Sono passati venticinque anni da “Made Me You Realise”. Era il millenovecentottantotto e sarebbero successe cose meravigliose. A quel tempo era lecito azzeccare una melodia pop e spingerla all’inferno. Camuffarla senza pedanteria oltre il muro di dissonanze e feedback. Non era da tutti, però. I meno audaci continuavano indefessi a cercarsi la coda con in testa alcuni punti di riferimento assoluti (dai Beatles agli Smiths), e atteggiarsi brit più di quanto fosse necessario. Nessuno di loro, però, se n’è mai fatta una colpa. Sulla sponda opposta tutto questo non era abbastanza, come nel sessantasette, a New York, non sarebbe stato abbastanza farsi fotografare insieme al più figo degli artisti pop. I fissascarpe giravano per i locali, con ancora poca fama underground addosso, lasciando tra i loro amplificatori e il pubblico una distanza implacata e meravigliosamente assordante.
Qualcuno bussa alla porta e ci ricorda che le cose belle, talvolta, durano poco. Nel millenovecentonovantuno la rivoluzione targata My Bloody Valentine subisce un arresto improvviso. In tempo, però, per lasciare esplodere definitivamente l’urgenza noise di Loveless. In tanti hanno cercato di spingersi fino in fondo alla ricerca dell’essenza di un album del genere. Un album che ancora oggi, negli scantinati dei negozi di vinili, gira da una mano all’altra con il fascino immortale della scoperta pronta a svelarsi.
E dunque, ventidue anni di silenzio. Poi la notizia improvvisa. Ed ecco “MBV”, omonimo fuori tempo massimo. Frutto dell’amore viscerale dei My Bloody Valentine per se stessi. Per il loro tempo. Per quelle foto sgranate di quando erano più giovani. Per quegli amplificatori frenetici e le splendide melodie sottomesse. “MBV” è come un film di Gus Van Sant sui My Bloody Valentine. Come un libro di Hubert Selby sull’armonia. è la storia che si ripete. Autoreferenziale, mai troppo, solo per ritrovare lo schema, il guizzo da cui tutto questo ha preso il via.

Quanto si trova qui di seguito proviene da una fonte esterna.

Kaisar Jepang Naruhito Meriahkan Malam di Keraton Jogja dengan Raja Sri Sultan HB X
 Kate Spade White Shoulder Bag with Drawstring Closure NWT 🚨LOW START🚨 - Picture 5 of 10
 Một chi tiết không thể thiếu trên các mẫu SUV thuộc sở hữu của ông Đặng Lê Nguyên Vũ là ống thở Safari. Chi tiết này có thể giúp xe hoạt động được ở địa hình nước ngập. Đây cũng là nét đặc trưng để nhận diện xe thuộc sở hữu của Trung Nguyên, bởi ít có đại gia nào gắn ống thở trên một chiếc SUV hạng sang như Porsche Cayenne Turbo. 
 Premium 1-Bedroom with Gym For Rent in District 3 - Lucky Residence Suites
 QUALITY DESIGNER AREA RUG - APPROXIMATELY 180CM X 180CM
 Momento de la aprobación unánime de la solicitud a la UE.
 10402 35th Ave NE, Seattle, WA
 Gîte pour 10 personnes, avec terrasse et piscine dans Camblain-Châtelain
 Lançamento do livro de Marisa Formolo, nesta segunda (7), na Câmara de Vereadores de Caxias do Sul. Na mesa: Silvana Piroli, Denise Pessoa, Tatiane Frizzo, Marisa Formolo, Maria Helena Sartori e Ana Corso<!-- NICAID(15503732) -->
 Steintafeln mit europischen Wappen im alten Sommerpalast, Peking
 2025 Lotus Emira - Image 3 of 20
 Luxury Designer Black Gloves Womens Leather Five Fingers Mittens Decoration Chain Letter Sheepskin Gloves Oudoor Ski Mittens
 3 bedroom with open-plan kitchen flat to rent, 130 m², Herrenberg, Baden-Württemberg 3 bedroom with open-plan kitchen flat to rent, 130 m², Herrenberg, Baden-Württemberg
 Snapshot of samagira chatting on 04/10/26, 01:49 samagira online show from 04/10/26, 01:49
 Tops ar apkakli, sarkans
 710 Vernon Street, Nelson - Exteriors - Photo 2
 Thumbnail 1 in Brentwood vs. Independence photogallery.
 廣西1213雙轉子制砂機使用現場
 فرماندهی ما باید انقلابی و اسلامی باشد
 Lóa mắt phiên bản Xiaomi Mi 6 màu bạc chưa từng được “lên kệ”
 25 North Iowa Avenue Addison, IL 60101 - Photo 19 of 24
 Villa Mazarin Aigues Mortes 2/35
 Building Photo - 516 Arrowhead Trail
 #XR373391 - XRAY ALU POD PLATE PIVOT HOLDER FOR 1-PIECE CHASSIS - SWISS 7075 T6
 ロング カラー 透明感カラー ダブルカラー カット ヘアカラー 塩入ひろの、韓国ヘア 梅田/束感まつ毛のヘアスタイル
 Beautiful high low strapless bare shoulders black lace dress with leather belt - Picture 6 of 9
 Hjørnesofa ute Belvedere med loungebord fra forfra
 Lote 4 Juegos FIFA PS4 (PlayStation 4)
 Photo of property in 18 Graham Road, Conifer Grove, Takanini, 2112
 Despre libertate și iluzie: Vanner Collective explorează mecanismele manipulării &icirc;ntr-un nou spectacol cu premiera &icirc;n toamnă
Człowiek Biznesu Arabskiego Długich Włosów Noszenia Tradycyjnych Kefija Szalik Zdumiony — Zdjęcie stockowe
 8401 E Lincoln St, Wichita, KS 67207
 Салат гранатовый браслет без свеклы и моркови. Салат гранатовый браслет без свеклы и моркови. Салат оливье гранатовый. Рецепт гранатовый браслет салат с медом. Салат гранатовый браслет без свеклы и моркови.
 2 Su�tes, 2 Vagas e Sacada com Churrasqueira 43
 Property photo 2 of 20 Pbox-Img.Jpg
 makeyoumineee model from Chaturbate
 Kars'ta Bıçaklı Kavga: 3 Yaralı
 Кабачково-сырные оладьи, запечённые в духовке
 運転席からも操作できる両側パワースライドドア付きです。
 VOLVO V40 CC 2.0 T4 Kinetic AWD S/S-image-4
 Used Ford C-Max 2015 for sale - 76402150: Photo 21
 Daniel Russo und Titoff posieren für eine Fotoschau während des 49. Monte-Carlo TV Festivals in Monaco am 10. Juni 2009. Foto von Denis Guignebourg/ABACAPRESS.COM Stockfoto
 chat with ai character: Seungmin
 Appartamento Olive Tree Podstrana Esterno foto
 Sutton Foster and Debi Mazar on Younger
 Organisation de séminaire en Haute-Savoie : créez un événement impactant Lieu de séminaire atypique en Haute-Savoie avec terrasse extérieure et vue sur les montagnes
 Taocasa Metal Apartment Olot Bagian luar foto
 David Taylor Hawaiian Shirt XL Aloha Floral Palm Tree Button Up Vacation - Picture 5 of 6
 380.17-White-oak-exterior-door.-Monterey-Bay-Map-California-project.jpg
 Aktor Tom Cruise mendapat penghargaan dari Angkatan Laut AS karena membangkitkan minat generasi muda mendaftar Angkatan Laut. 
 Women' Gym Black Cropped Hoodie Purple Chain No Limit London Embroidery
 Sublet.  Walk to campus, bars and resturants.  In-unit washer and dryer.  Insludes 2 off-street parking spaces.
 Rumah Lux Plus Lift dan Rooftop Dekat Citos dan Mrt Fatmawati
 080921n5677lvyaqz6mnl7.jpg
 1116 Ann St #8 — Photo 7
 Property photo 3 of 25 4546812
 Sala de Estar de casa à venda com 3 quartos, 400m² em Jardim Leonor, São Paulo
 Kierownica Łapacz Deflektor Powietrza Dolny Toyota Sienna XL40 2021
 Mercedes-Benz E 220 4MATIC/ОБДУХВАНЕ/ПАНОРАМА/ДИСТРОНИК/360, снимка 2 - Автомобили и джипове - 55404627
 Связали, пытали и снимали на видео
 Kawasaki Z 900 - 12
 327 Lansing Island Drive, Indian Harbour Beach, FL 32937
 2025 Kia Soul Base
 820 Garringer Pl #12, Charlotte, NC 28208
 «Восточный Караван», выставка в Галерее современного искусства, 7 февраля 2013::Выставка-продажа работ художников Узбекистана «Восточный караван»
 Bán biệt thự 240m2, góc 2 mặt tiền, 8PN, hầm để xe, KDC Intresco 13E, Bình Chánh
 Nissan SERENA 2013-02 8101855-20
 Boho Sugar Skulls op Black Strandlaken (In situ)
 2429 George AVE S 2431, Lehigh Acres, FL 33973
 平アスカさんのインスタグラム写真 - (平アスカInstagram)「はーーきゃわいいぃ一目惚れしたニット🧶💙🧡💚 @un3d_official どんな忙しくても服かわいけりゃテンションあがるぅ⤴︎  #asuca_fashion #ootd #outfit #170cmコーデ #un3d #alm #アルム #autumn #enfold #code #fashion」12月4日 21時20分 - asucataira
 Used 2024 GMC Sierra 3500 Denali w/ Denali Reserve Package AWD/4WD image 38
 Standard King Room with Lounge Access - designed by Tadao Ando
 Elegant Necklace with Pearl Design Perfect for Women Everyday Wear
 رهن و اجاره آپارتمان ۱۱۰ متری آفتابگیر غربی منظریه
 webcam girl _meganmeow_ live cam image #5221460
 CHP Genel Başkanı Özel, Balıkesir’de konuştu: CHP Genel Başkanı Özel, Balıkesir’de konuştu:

Spiegarsi “MBV” vuol dire entrare nel vortice e fare finta che non esista. Adattarsi alle regole. Scansare con un braccio la nebbia fitta di distorsioni martellanti e accontentarsi di una carezza, di tanto in tanto, purchè sincera. Tentare di dissezionare “MBV” è una colpa. Forse il più grande torto che si possa fare a Kevin Shields. “She found now” riaccende Loveless e ispessice l’aria attorno. Il risultato è un ostacolo conturbante, un meraviglioso universo di sovrapposizioni sonore (“Only tomorrow”, su tutte) da cui la melodia cerca di liberarsi. “MBV” sa addolcirsi (“If I am” e “New you”) e incazzarsi (“Nothing is”). Sa disorientare, senza tentennamenti. Affacciarsi su “MBV” significa tornare all’origine di tutto e cominciare da capo.
Ventidue anni sono tanti e possono essere nulla. Tra i tanti meriti di Kevin Shield, un giorno, ricorderemo anche quello di saper mantenere le promesse. Quello che conta, in definitiva, è che dei tanti gruppi che ci hanno provato, da allora, soltanto i My Bloody Valentine sanno essere i My Bloody Valentine.